Meh graphics, okay music
I already mentioned that the animations are abysmal, but so much else is wrong with the way everything looks than just that. It’s bizarre seeing occasional textures that look acceptable by modern standards, only to have them contrasted by water effects that look like they stepped straight out of KOTOR. Even the textures are hit-and-miss, with characters like Kian, Zoe, and some of the resistance members having decent textures, but many of the lesser NPCs like Hannah and Anna and Zoe’s campaign manager (whose name I can’t recall because he’s the most superfluous character in the entire game) looking downright bad. Just having acceptable textures isn’t enough to guarantee that this game looks good, though, because there’s no cohesive art style to be found here.

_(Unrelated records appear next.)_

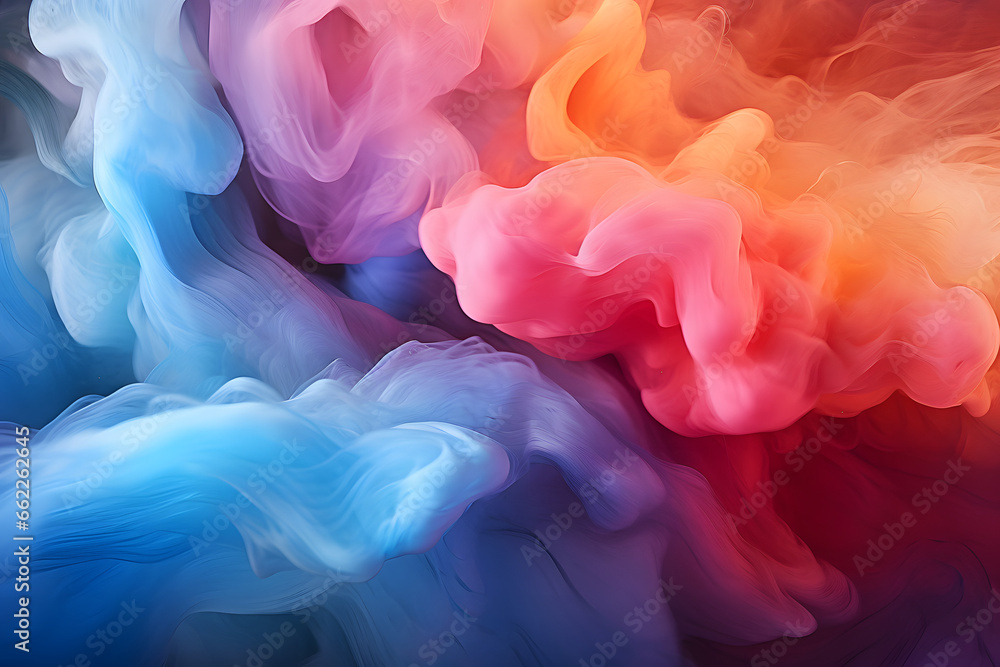 Abstract Background of Swirling Smoke and Fire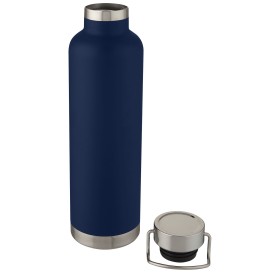 Bouteille de sport Thor de 1 L avec isolation par le vide et couche de cuivreCouleur:Bleu foncé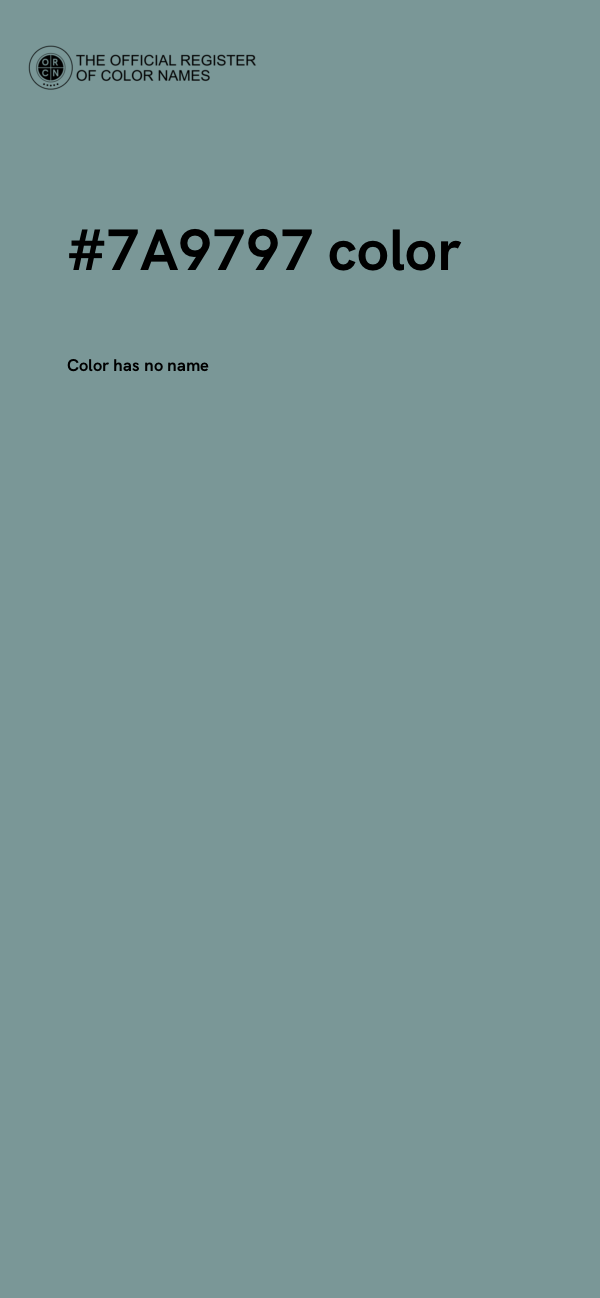 #7A9797 color image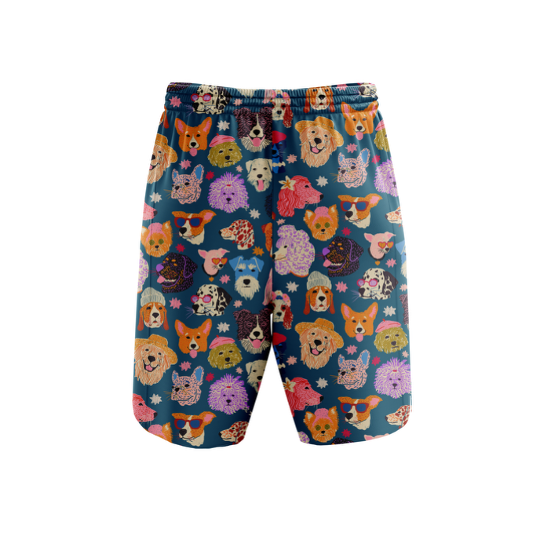 Who let the dogs out fitness shorts (7")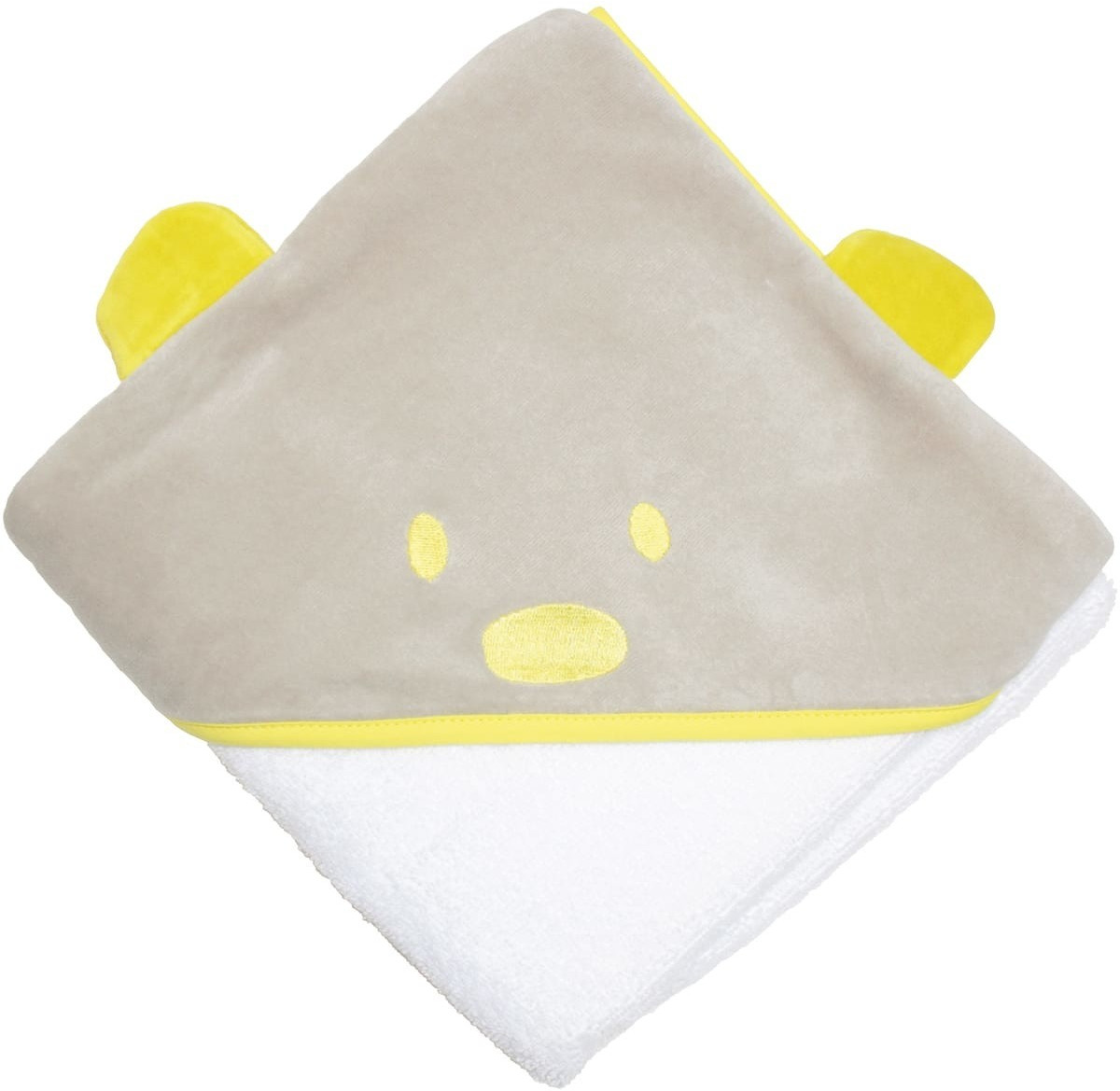 Babycalin Cape de bain ours à oreilles 80 x 80 cm taupe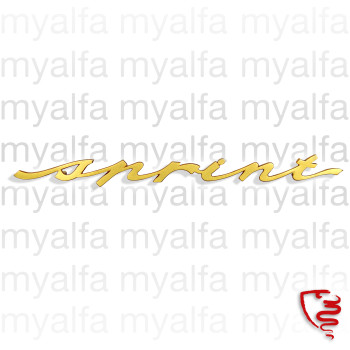 SCRIPT "sprint" - 750/101     1300 SPRINT, GOLD, 190 MM     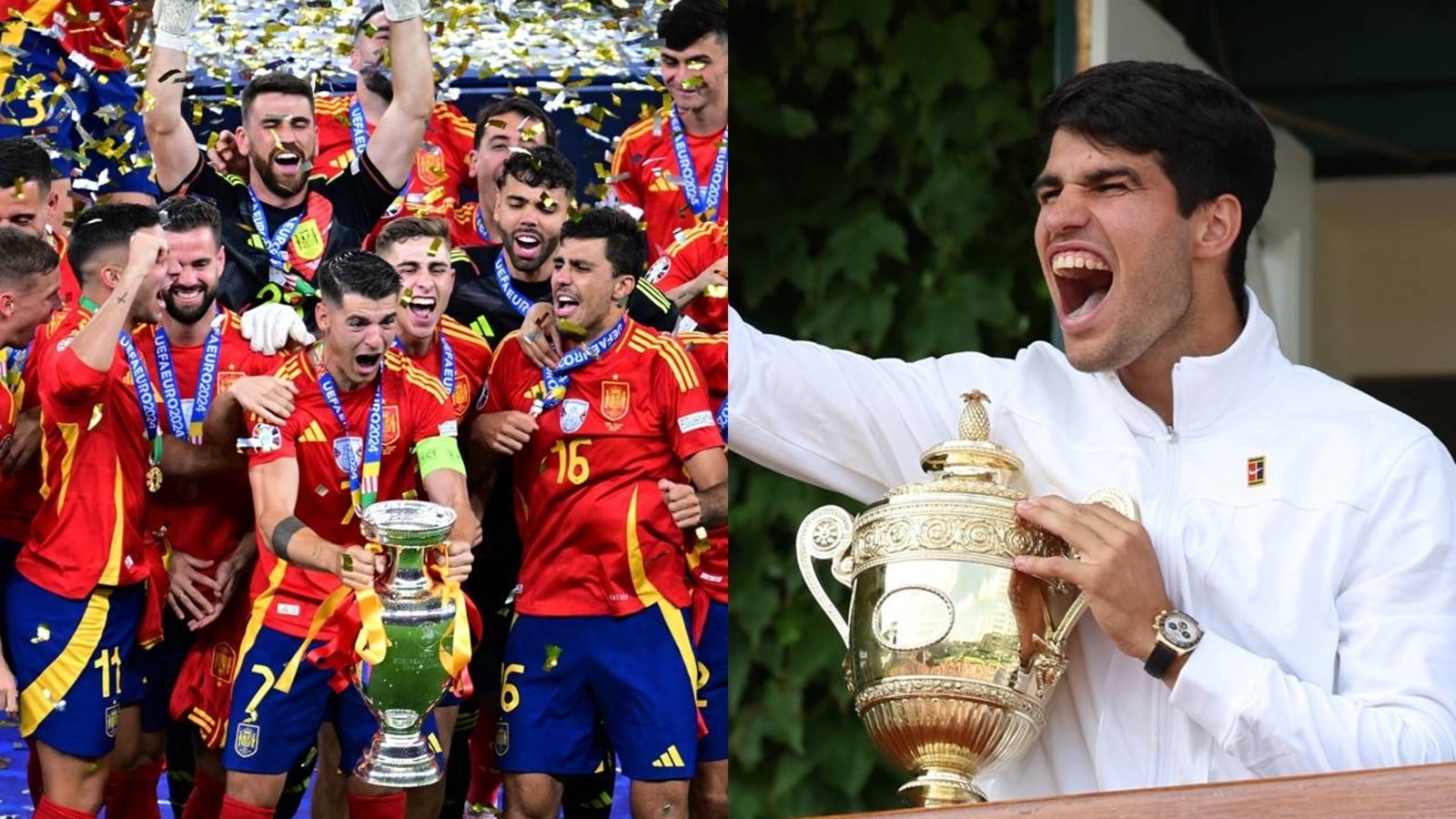 Spain's Sporting Sunday: Alcaraz Triumphs at Wimbledon, Football Team Wins Euro 2022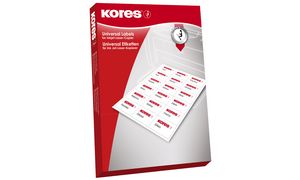 E105148500 - Kores Etiket MFC (Machine-Finished Coated Paper) Mat Permanent 105mm 148,5mm Wit 2.000st op A4 Vel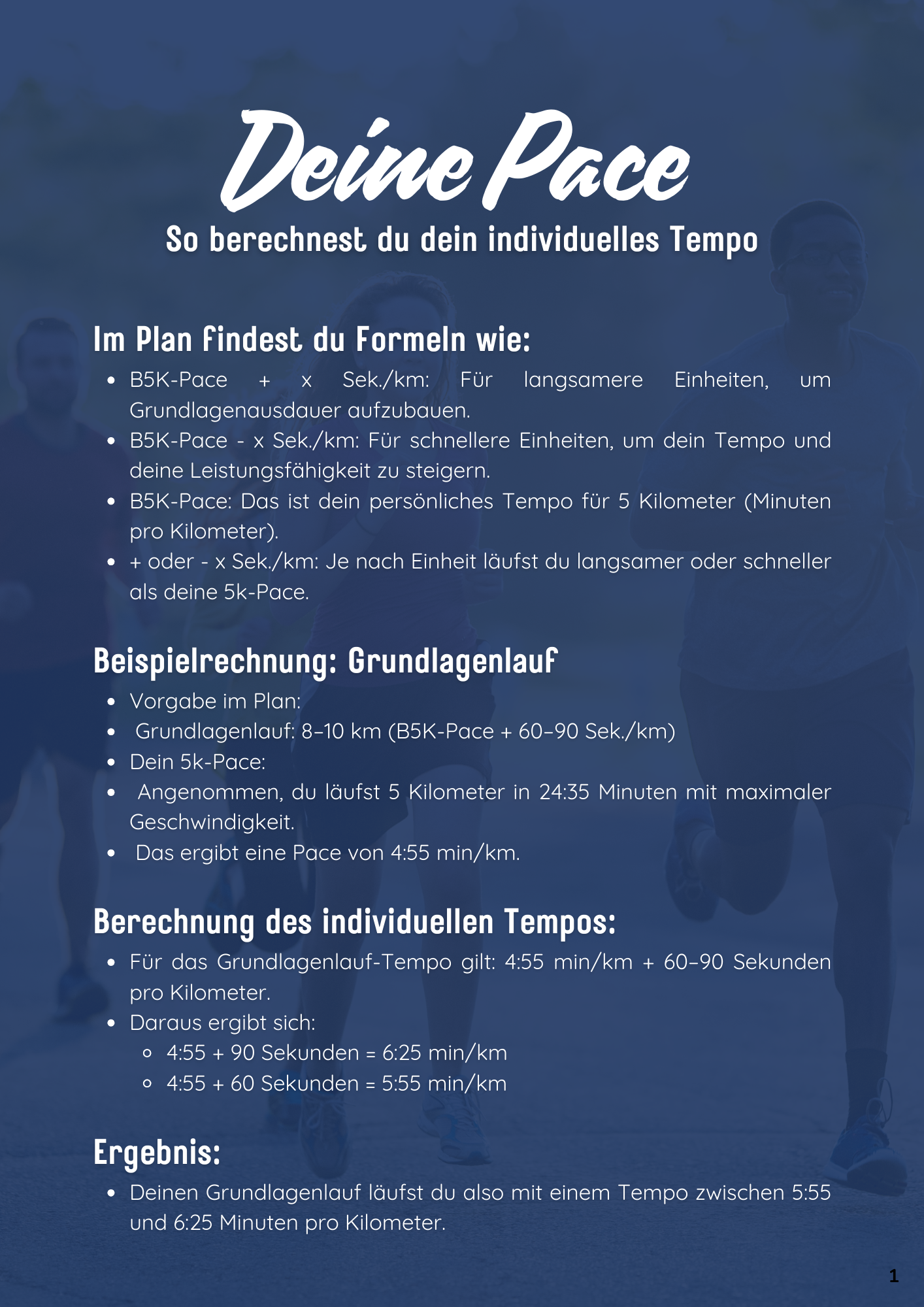 Speed Up – Il piano per correre 16 km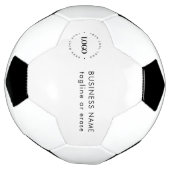 カスタムBusiness Companyロゴのブパーソナライズされたランド サッカーボール (回転)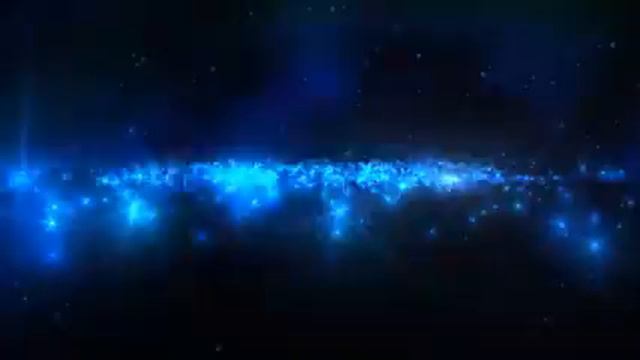 Blue Starfield in Space Sparkle HD Background
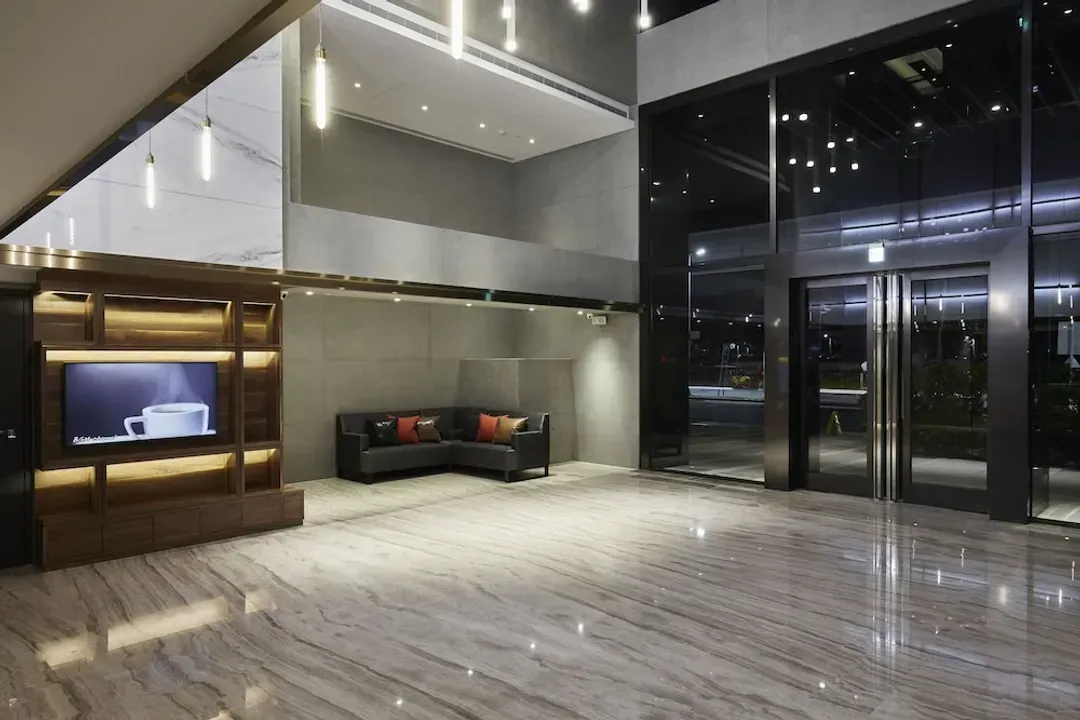 Lobby sitting area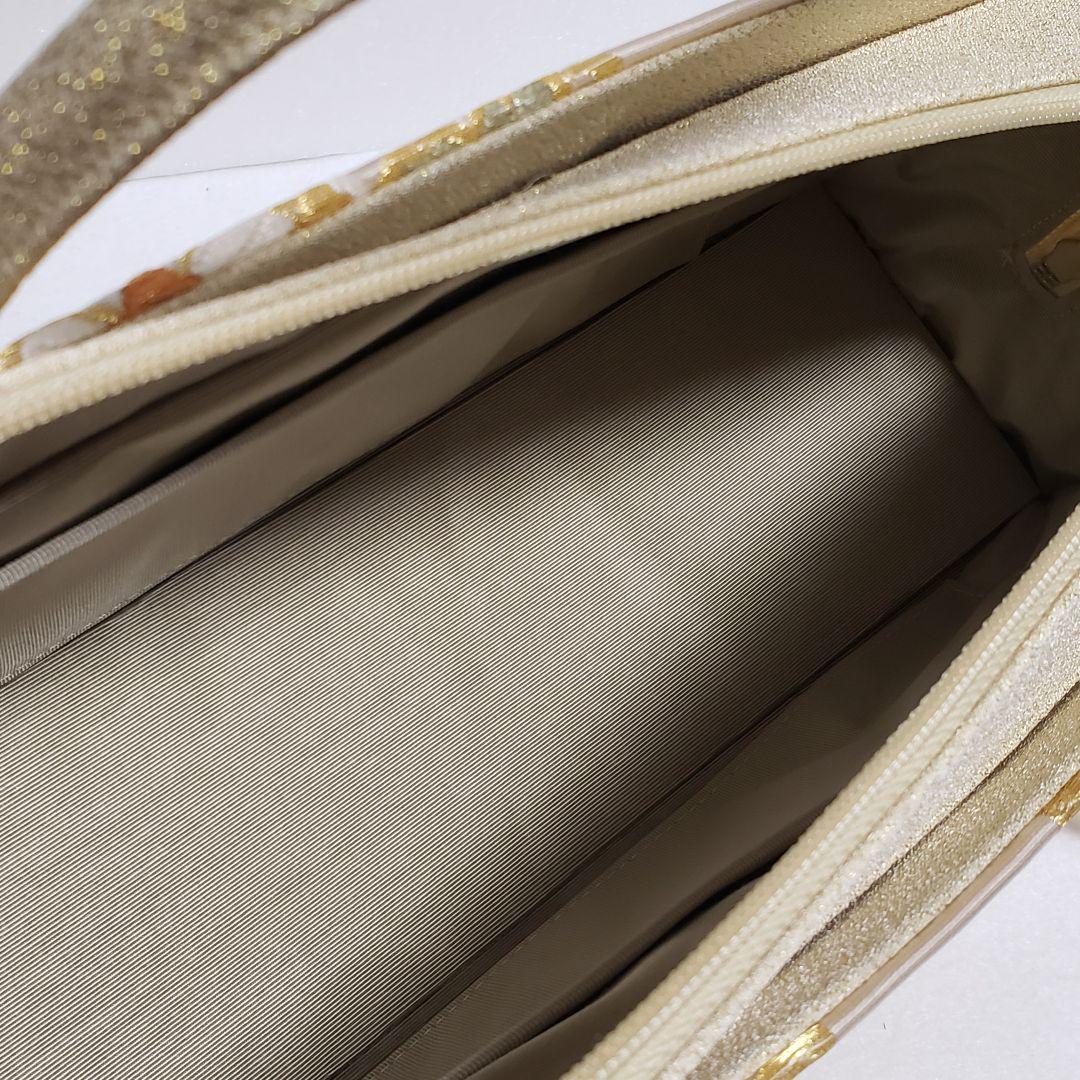 (3101)新品 正絹 利休バッグ 日本製 西陣織 帯地 和装用 あおりバッグ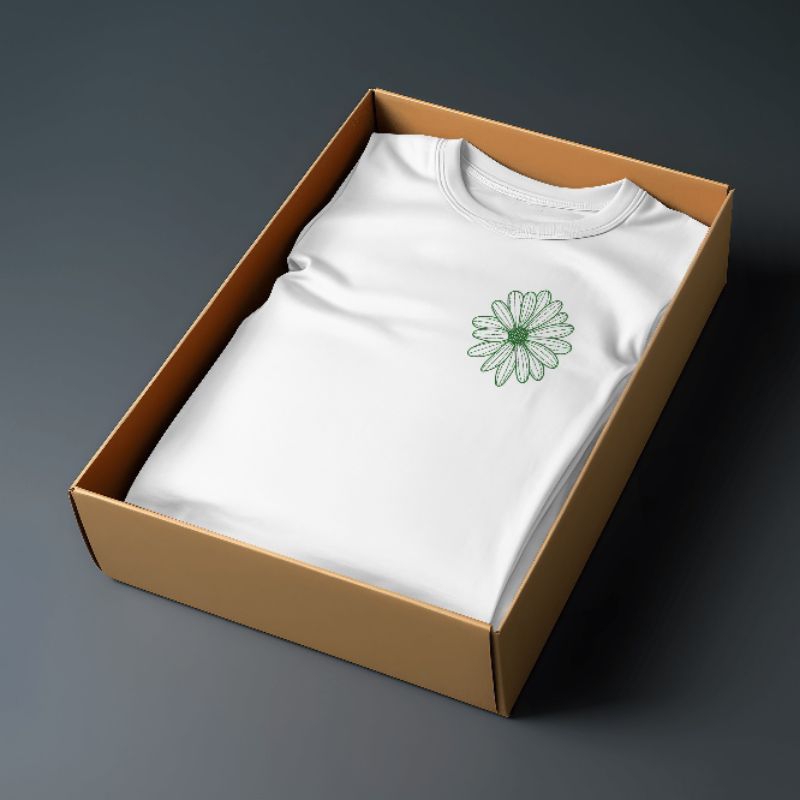 Follew 023 Kaos Distro Original Wanita Katun Combat Premium Motif Bunga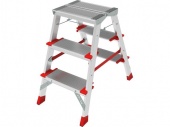 Лестница-стремянка алюм. двухст. NV 3127 Новая высота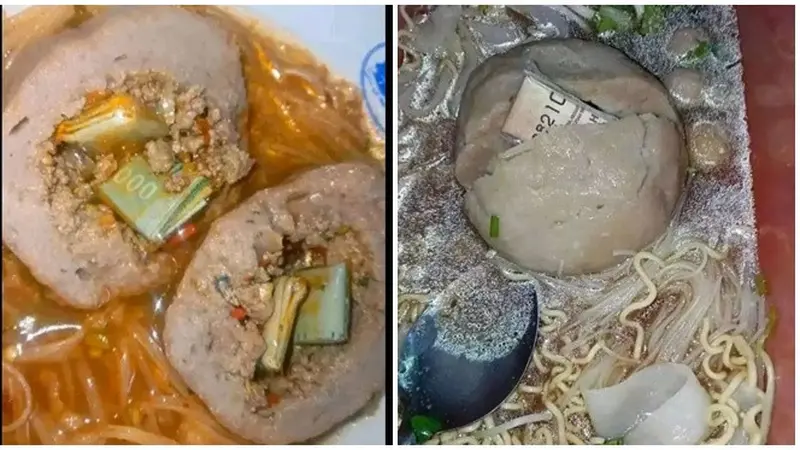 6 Potret Bakso Hadiah Uang Ini Bikin Kaget, Langsung Dapat Cashback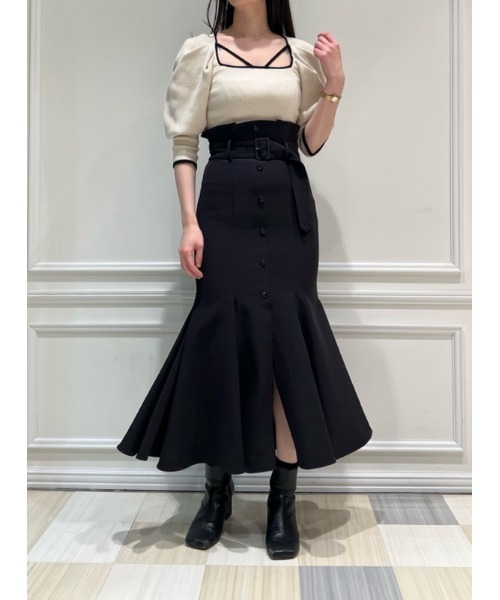 SNIDEL フレアスカート SNIDEL（スナイデル） スカート フロントジップフレアスカート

Some characters look like they stepped out of Blizzard’s Overwatch, while others would be more at home in Cyanide’s Game of Thrones RPG. The aforementioned campaign manager looks like he stepped out of Deus Ex: The Fall, which is embarrassing. None of it meshes together, instead looking like a project that took inspiration from a million different sources and forgot to tie them together at some point.
As for the soundtrack, it’s memorable when it’s doing its own thing, and there’s some interesting vocal work that I especially appreciated. It does have a tendency to devolve into acoustic guitar clearly designed to hit the same emotional triggers Life Is Strange so effectively preyed on, but without the same kind of quality characterizations, it ends up ringing hollow and coming across as cheap and derivative. Also, the early books have this guitar guy who always starts with the same song, and the lyrics are stupid. If I hear that “I’m just a guy with guitar” song in real life, I’m going to force-feed the singer into a giant blender because that stupid song is repetitive, doesn’t fit the setting, and I hate it and him with a fiery passion.